BBS can be effective if properly implemented. A well designed BBS program if not implemented correctly, only looks good on paper or presentations but will be ineffective. Implementation can be challenging as I have come to know myself recently.
Management support and buy-in of the BBS program is key for it to be successfully implemented. Furthermore, to show management’s commitment we should take responsibility to communicate the program throughout the organisation and to be involved as well. “Everything rises and falls on leadership.” (John Maxwell)
This brings me to communication; the BBS Program should be communicated to all levels of the organisation and to all departments not only the technical and operation departments. How it is communicated is also key. Several channels and methods should be used, with some targeting specific departments. E.g. The BBS program can be discussed at the operations department tool box talk meeting.
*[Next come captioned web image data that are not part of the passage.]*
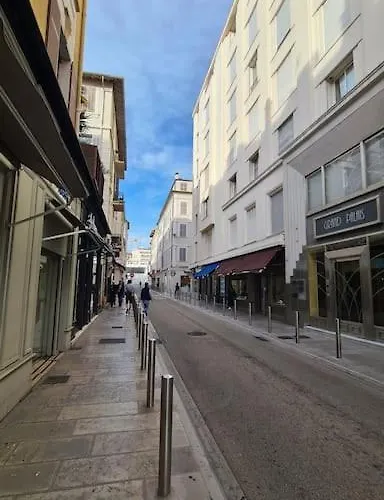 Beautiful 2-Bedroom Apt In A High-End Residence Near The Palais 아파트 칸느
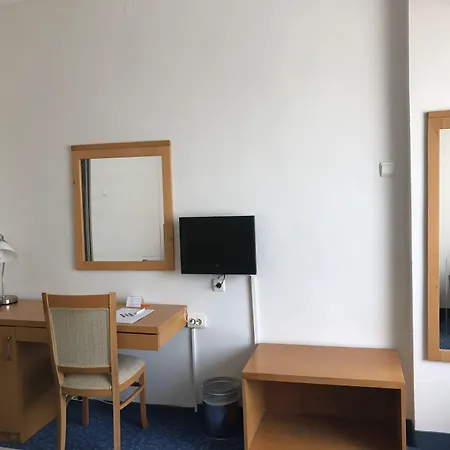 Hande Hotel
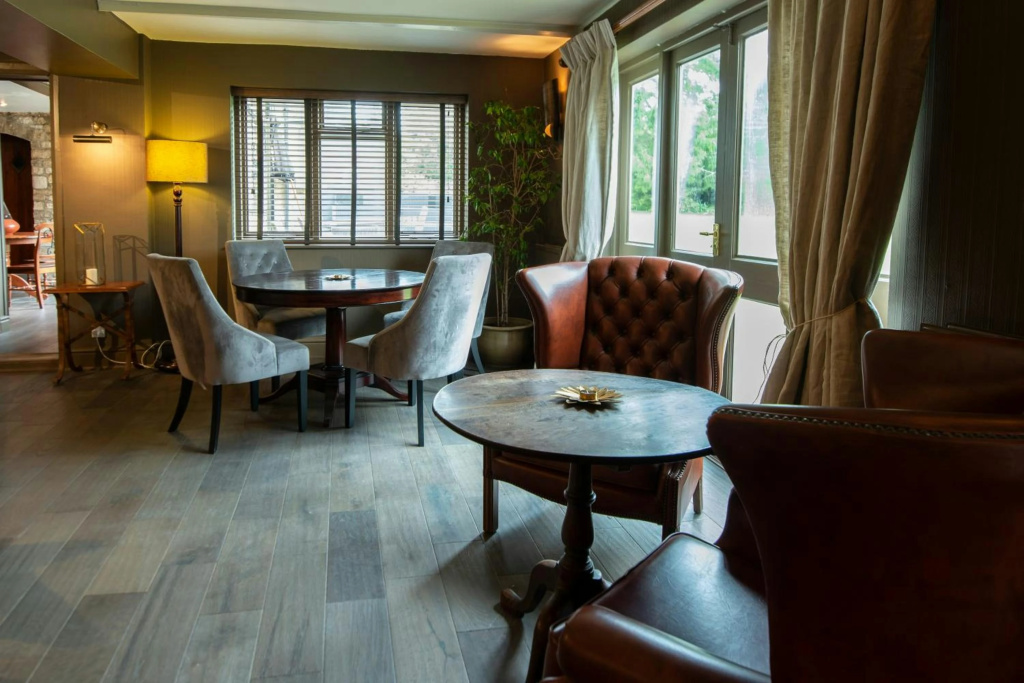 Pettifers Freehouse Hotel - Général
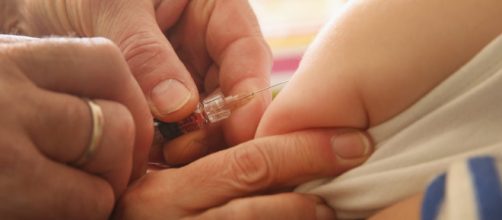 Vaccinazioni: continua il dibattito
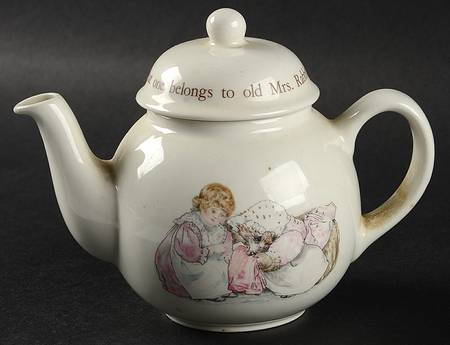 Mrs Tiggy Winkle Miniature Teapot & Lid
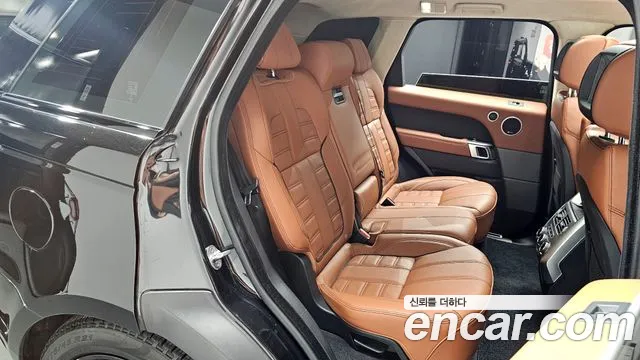 Land Rover Range Rover Sport 2016 — фото 12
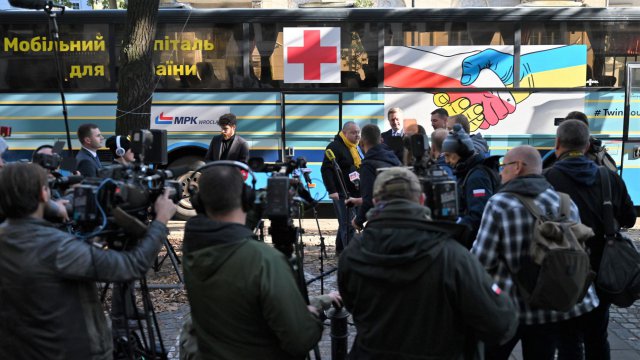 MPK Wrocław przekazało Ukrainie autobus wraz z artykułami medycznymi [Foto]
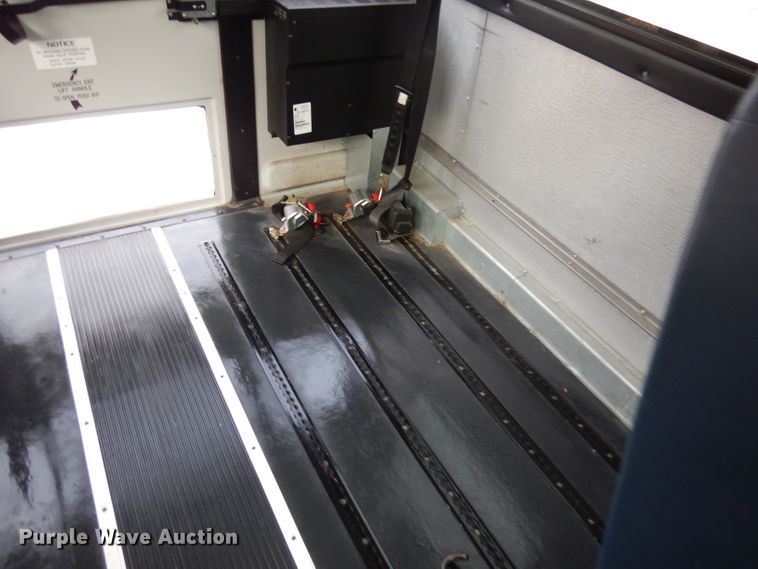 image for item DH8872 2008 Freightliner B2  school bus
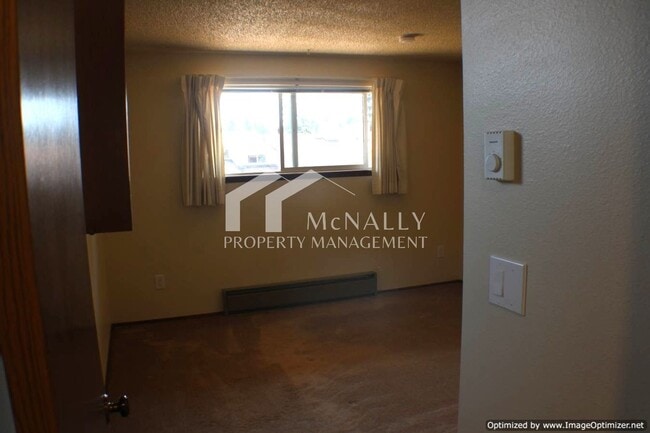 Building Photo - Spacious 3-Bedroom Condo with Detached 1-C...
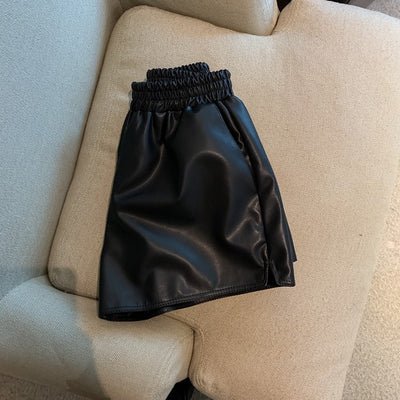 Shorts de Cuero Sintético Mujer Cintura Alta Suelta con Abertura - Image 24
As mentioned there should be engagement and participation from all departments and all levels of the organisation. This can be influenced again by management commitment. However, it is important to know that participation in BBS should be voluntary and not forced. It comes down to the organisation’s culture which will have to be assessed before implementation. This will tell if the company is ready for BBS. Many companies have safety committees or safety teams involving personnel outside of the HSE department. The same can be done for BBS; the formation of a behaviour based safety observation team can include personnel from all levels and departments of the organisation. “BBS is about everyone’s behaviour, not just the frontline” (Agnew & Ashworth, 2012)
Behaviour can be observed and measured. E.g. disembarking and embarking tug vessels by jumping across (decision making and situational awareness). Three components make up behaviour- antecedent, the behaviour itself and consequence or as we know it A B C.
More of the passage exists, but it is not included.